As can be seen from the above, the driving motion estimation result for the mobile device may be obtained by inputting the two adjacent frames of images into the second deep learning model for estimating the motion based on vision, and the current second positioning result for the mobile device may be determined based on the driving motion estimation result and the previous comprehensive positioning result for the mobile device. The second positioning result for the mobile device is obtained based on the two adjacent frames of images collected by the mobile device during driving, and the comprehensive positioning result for the mobile device may be subsequently determined based on the first positioning result and the second positioning result, which takes into account not only the positioning result for each frame of image, but also the changes in motion between the two adjacent frames of images, so that the accuracy of the positioning scheme can be improved.
FIG. 4 is a flowchart illustrating how to determine the second positioning result for the mobile device according to another embodiment of the present disclosure. This embodiment, on the basis of the foregoing embodiments, takes how to determine the second positioning result for the mobile device as an example to illustrate. As shown in FIG. 4, determining the second positioning result for the mobile device based on the two adjacent frames of images and a previous comprehensive positioning result for the mobile device at the step S103 may include steps S401-S405.
At step S401, continuous multi-frame sample images in the target environment collected by the mobile device during driving may be acquired.
In an embodiment, in order to train the second deep learning model for estimating the motion based on vision, the continuous multi-frame sample images such as video images may be acquired when the mobile device is driving in different positions and directions in the target environment.
In an embodiment, the target environment may be selected by the developer according to the actual needs of delivery business, for example, a country, province, city, or town, etc. where the delivery business is located may be selected, which is not limited in this embodiment.
In an embodiment, the above mobile device may be the mobile device to be positioned in the embodiments of the present disclosure such as a UGV, a UAV, or a delivery robot. Since each mobile device has its own driving characteristics, the continuous multi-frame sample images in the target environment collected by the mobile device during driving may be utilized to train the second deep learning model, which can improve the pertinence of the model and ensure the accuracy of the motion estimation.
At step S402, a motion estimation result for every two adjacent frames of the continuous multi-frame sample images may be determined.
In an embodiment, after the continuous multi-frame sample images are acquired, every two adjacent frames of the continuous multi-frame sample images may be calibrated to determine the motion estimation result for every two adjacent frames of the continuous multi-frame sample images. For example, changes in position and direction between every two adjacent frames of the continuous multi-frame sample images may be determined.
In an embodiment, the motion estimation result with six degrees of freedom may be determined for every two adjacent frames of the sample images, that is, changes in degrees of freedom of movement along directions of three rectangular coordinate axes x, y, and z, and changes in degrees of freedom of rotation around the three coordinate axes.

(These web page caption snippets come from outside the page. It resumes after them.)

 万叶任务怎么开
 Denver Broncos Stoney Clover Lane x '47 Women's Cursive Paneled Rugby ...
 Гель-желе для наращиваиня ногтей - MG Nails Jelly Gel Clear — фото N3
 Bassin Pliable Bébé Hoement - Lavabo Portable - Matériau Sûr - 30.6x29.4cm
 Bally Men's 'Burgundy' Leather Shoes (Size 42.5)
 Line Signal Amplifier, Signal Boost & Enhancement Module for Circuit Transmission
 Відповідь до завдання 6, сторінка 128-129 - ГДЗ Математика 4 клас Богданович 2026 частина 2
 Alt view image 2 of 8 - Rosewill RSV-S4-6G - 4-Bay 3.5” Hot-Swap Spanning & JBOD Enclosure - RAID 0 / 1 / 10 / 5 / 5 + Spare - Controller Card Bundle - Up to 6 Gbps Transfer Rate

At step S403, the second deep learning model may be trained by using the continuous multi-frame sample images and the motion estimation result for every two adjacent frames of the continuous multi-frame sample images as a training set.
In an embodiment, after the continuous multi-frame sample images and the motion estimation result for every two adjacent frames of the continuous multi-frame sample images are obtained, the continuous multi-frame sample images and the motion estimation result for every two adjacent frames of the continuous multi-frame sample images may be used as the training set to train the second deep learning model.
In an embodiment, the second deep learning model may include a Convolutional Neural Network (CNN) model, or the developer may select other models for training according to actual business needs, which is not limited in this embodiment.
It should be noted that, though a lot of sample data is required during the training of the second deep learning model, the sample data is no longer required after the model is trained, and only the trained model is required to be retained. The model itself may remember the training information, and the size of the model is fixed, and may not become larger as the range of the environment becomes wider. That is to say, there is no need to rely on a huge feature library for motion estimation, which can improve the feasibility of the motion estimation scheme.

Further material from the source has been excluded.